Now the anti-airport coalition would have us believe that a “Great Park” is better than a great commercial and transportation center. That’s nonsense, the product of a much exaggerated threat of noise and air pollution. The fact is that El Toro still has one of the largest no-housing noise buffer zones in Southern California. Besides that, an airport at the heart of our county will produce less exhaust than the amount now spewing from the millions of cars driving between Orange County and LAX each year.

In addition, if the “Great Park” is created, hundreds of thousands of additional housing units will be built in what is now the buffer area. That traffic and environmental impact will be far worse than any airport. The “Great Park” has other hidden costs: Not only will it produce no tax revenue and suck up every spare dime in our county for years to come at the expense of education, public safety and other important issues, but the county may well pay hundreds of millions of dollars for a mandatory environmental clean-up. Worse still, the “Great Park” could end up just like New York’s Central Park--recreational during the day, but a haven for prostitutes, drug addicts and other criminals at night. Build it and they will come.

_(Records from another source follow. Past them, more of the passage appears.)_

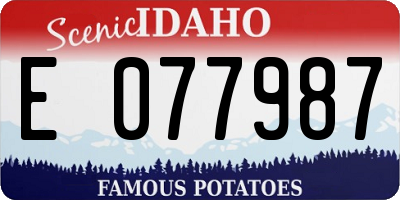 ID license plate E077987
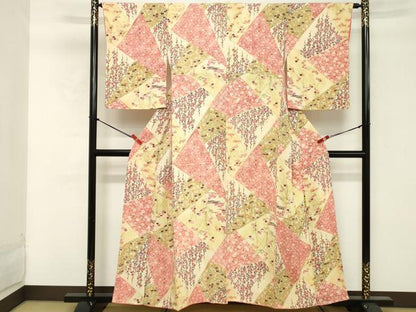 平和屋着物■上質な小紋 型染め 切嵌花文 正絹 逸品 DABE7946cd
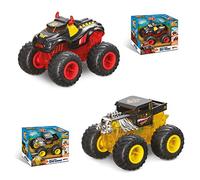 MONDO Truck Motors-Hot Wheels Monster Trucks BEATZ Mode-Macchina luci e Suoni con retrocarica per Bambini-51227, Colore Giallo/Rosso, 89E0F5D1A1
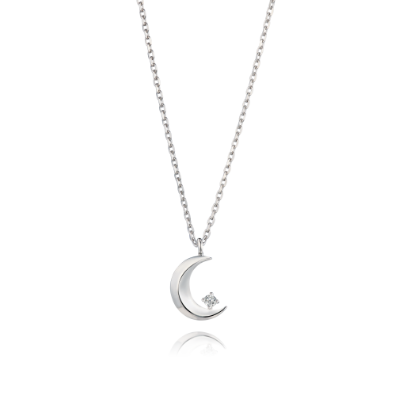STONEHENGE Moon shape Cubic Zirconia Silver Necklace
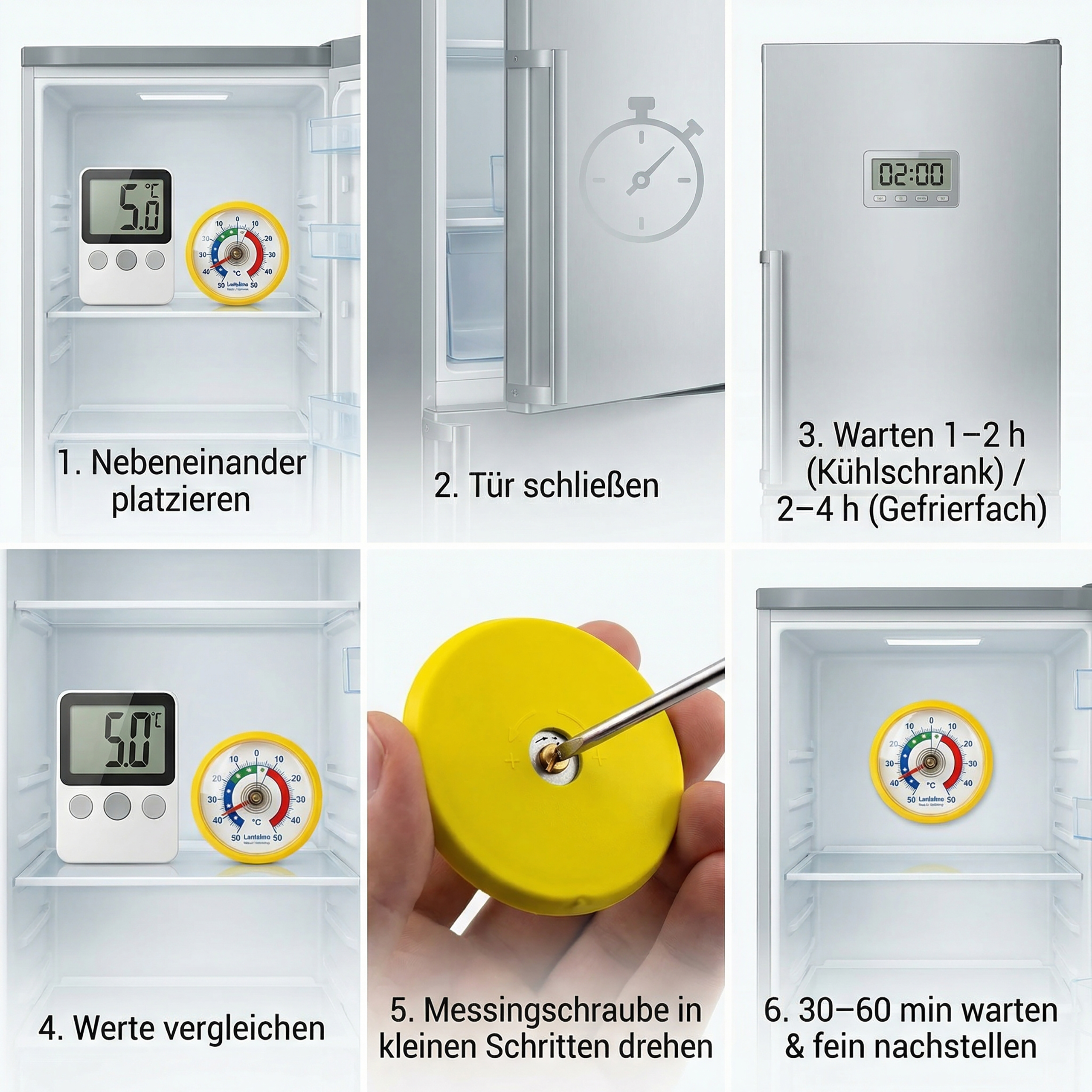 Sechs Bilder zeigen Schritte zum Einstellen eines Kühlschrankthermometers mit digitalen und analogen Geräten.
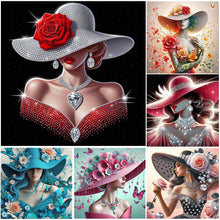 Load image into Gallery viewer, Lady-Full Round Diamond Painting-40x40cm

An airport, on the other hand, would produce a steady flow of tax revenue and good jobs. The airport plan includes a shopping mall with stores and restaurants. With an airport, property values will rise. Without it, taxes will go up, services will go down and property values will fall.

Orange County residents are facing a major decision that will determine the quality of life for the next generation. What an awful spectacle awaits if we turn loose the jackhammers to tear down instead of build up. We don’t know where the tons of runway cement will be dumped. For years to come, at a cost of hundreds of millions of taxpayer dollars, dump trucks will clog our roads and a gaping scar will mar the heart of our county.

The “Great Charade” is well financed and professionally promoted. It is a comedy to watch but a tragedy to experience, the irrational yet intentional destruction of an asset worth billions of dollars to create a nonfunctional billion-dollar liability. If this unholy alliance wins, Orange County loses.